In others words, Ellison’s candidacy looks a lot like a continuation of Bernie Sanders’s presidential campaign, combined with a house-cleaning aimed at removing Clinton supporters, scornfully dismissed as corporate shills. It appears intended not to launch a “struggle for the soul” of the Democratic Party, but to announce that the struggle is over and a new faction is now in charge.
Now, perhaps many, or even most, former Sanders for President supporters think he would have won the presidential general election that Hillary Clinton lost. It is unfortunately a proposition that is impossible to prove either way, though it should be acknowledged for future reference that Sanders might have looked like a very different candidate after being pounded by both right-wing and mainstream media for months over various episodes from his past (serving as a Socialist Workers Party elector in 1980 comes to mind). Perhaps Sanders supporters specifically and progressives generally deserve a much more prominent or even leading voice at the DNC and in other party councils.
But is a purge what the Democratic Party most urgently needs right now? And is a very public ideological shift to the left that cedes more ground to a Republican Party torn between different extremist visions a good idea at the moment? Is a Jeremy Corbyn (the lefty leader of the British Labor Party) moment what Democrats really need?
This will not happen, of course, without a fight. Today, Politico lists a bunch of people, many of them former Clinton supporters, who are sniffing around the DNC gig:
Meanwhile others in the party, including New Hampshire Democratic Party Chairman and DNC vice chair Raymond Buckley — who runs the Association of State Democratic Chairs — South Carolina Chairman Jaime Harrison, and House Democratic Caucus Chairman Xavier Becerra are said to be open to bids of their own, fielding calls from other DNC members about their interest.
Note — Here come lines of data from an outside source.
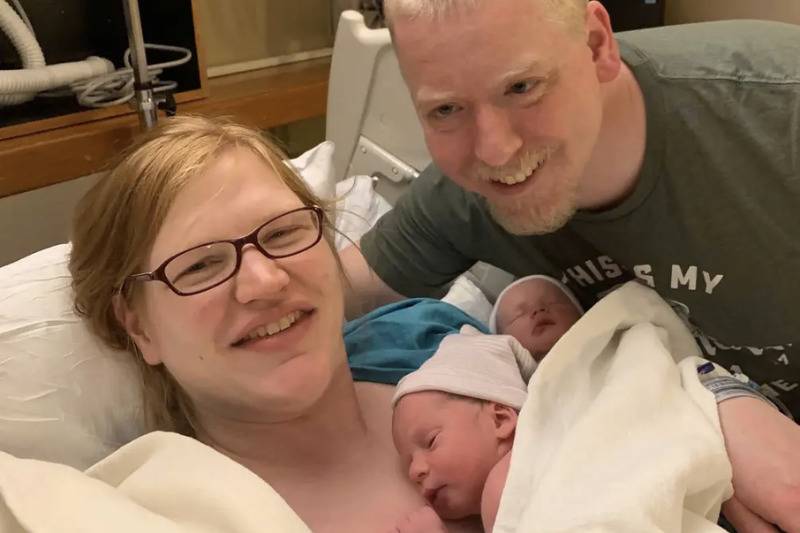 parents with twins at birth at hospital bed
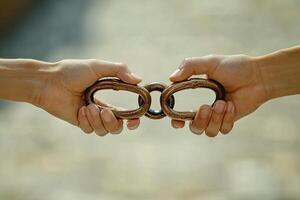 Two hands holding a chain link, connection photo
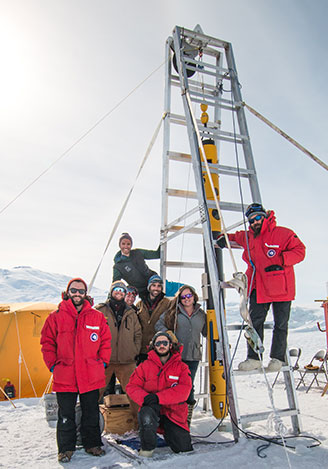 The icefin team standing with icefin hoisted vertically in the air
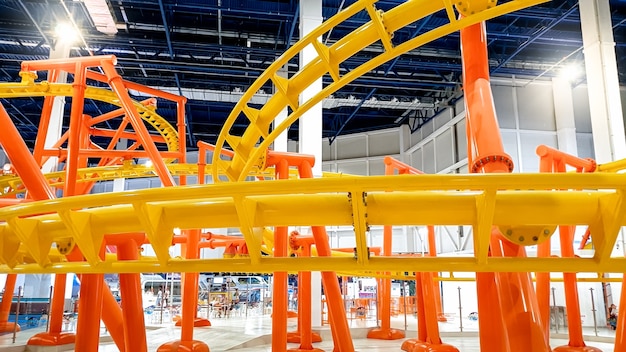 Image of roller coaster with extreme fast loops in big shopping mall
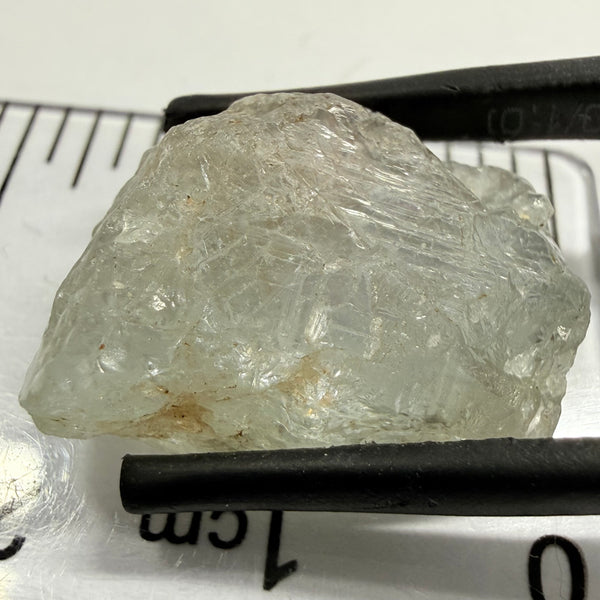 Umba Sapphire, 21.93ct, Umba, Tanzania, Untreated Unheated, flattish shape, moderate to heavy inclusions on the outside with a transparent needled, slightly included center, see the backlit photos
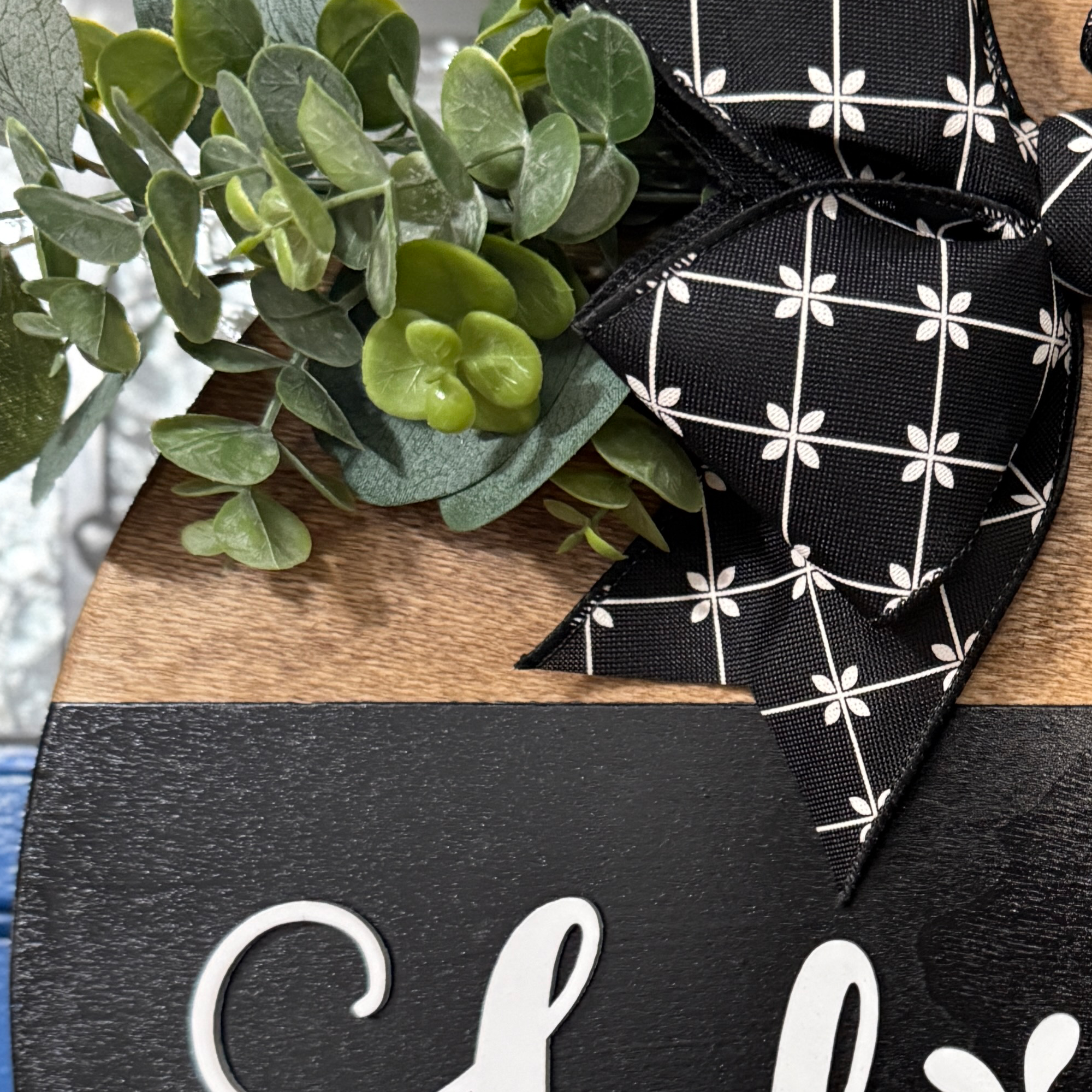 Close-up of greenery and black patterned bow attached to rustic wood Hello door hanger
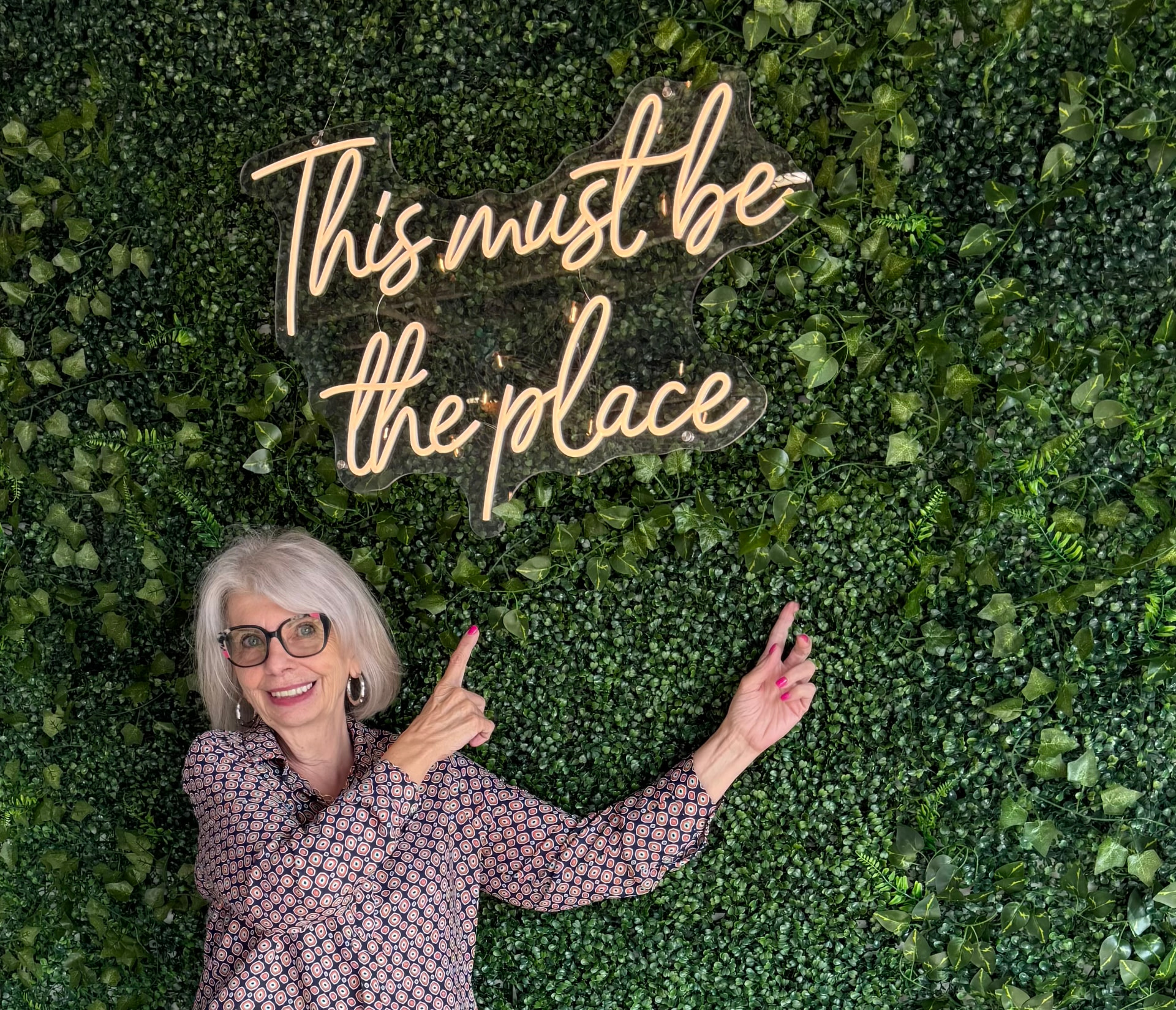 Ellen Timms pointing to a 'This must be the place' sign at a community space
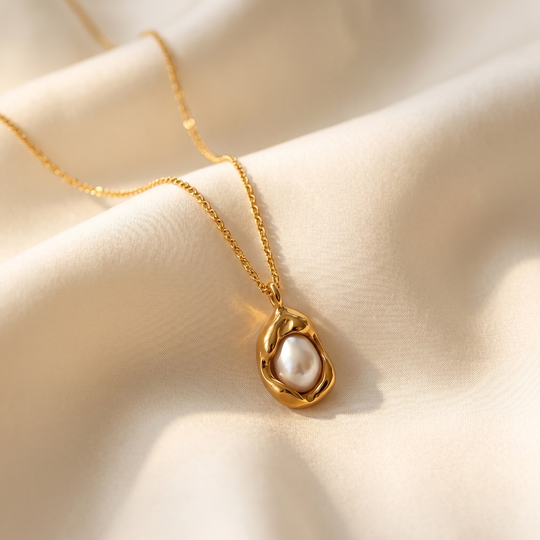 The baroque pearl pendant resting on cream silk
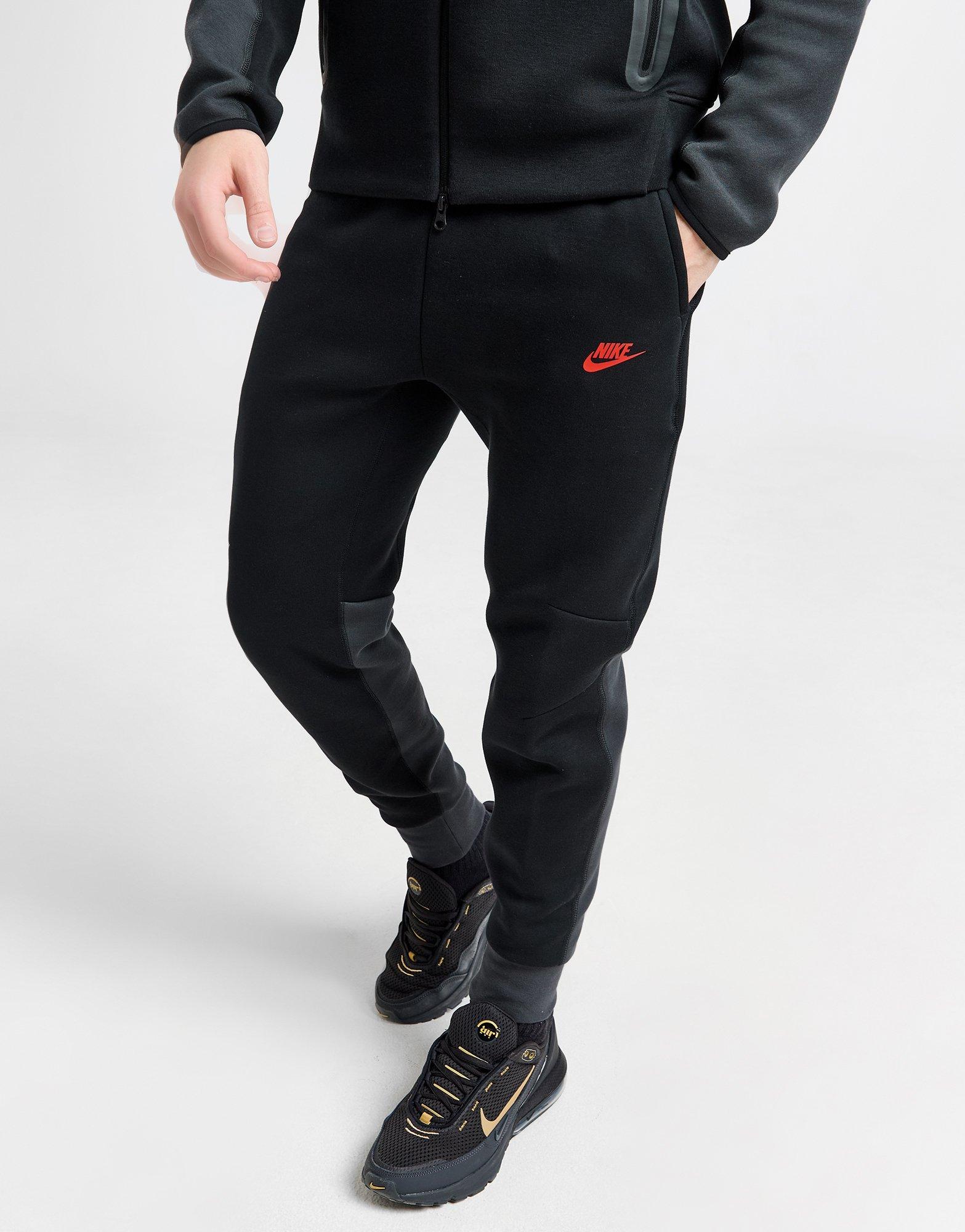 Nike joggers red sales tick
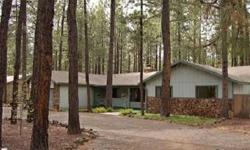 Pinetop Country Club Home on a beautiful lot. This 4 bedroom, 3 bath home has guest quarters off of a hobby room. Aspen T & G ceilings, Rock Fireplace, fenced and landscaped yard with a paito and grill that is great for entertaining. Lots of storage, Rv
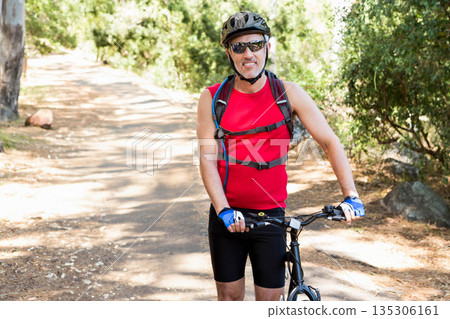 Male cyclist standing on sunlit forest trail wearing helmet and hydration pack with bicycle 135306161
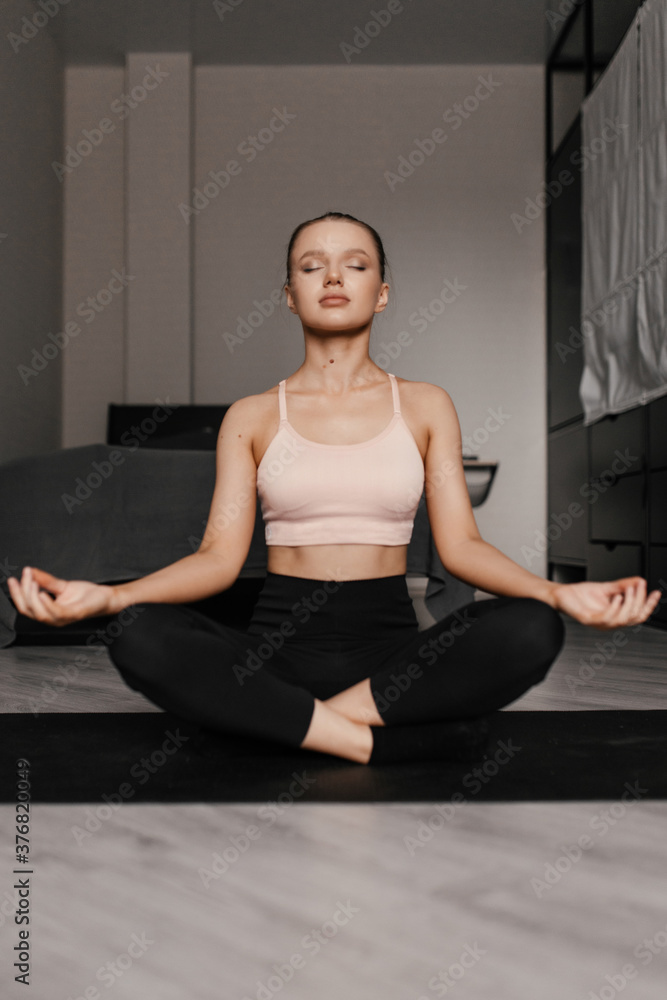 beautiful caucasian woman in sportswear practices yoga on the mat at home. Living in harmony with yourself.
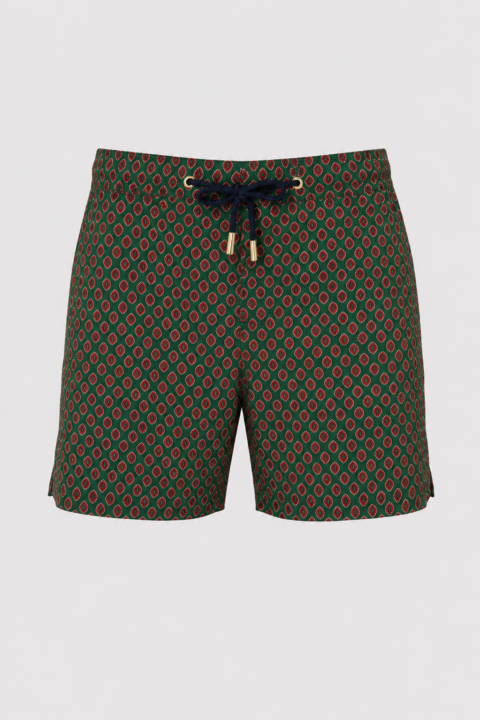 Green and red Signature Tie Silk Swim Short for men featuring a geometric print, navy drawstring with gold metal tips, button closure, and luxury silk fabric.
Former presidential candidate and Maryland Gov. Martin O’Malley said on Friday morning that he is considering a run. DNC vice chair R.T. Rybak, the former mayor of Minneapolis who nearly got the role under Barack Obama, and retiring New York Rep. Steve Israel — a former Democratic Congressional Campaign Committee chair — are also in the mix.
It is another candidate, however, who seems best positioned to be a unity candidate: none other than Howard Dean. He still has some progressive credibility, although his occasionally abrasive support for Hillary Clinton’s nomination repositioned him a bit. He knows the job, having done it before, in a tenure that, coincidentally or not, coincided with two Democratic landslide victories, in 2006 and 2008. And in the wake of an election where Democrats appear to have lost 32 states, a return to Dean’s “50-state strategy” is probably a good idea.
Ultimately, the identity of the DNC chairman is less important than filling the lower leadership jobs with smart and energetic people who represent fresh blood. But there is no getting around an early decision by Democrats as to whether their most urgent challenge is to get a grip on why they lost and develop a detailed plan for recovery, or simply to throw out the Clinton/Obama crowd and claim the DNC as a trophy for the left.
They have a while to figure this out. But there is no time like the present to declare a temporary truce.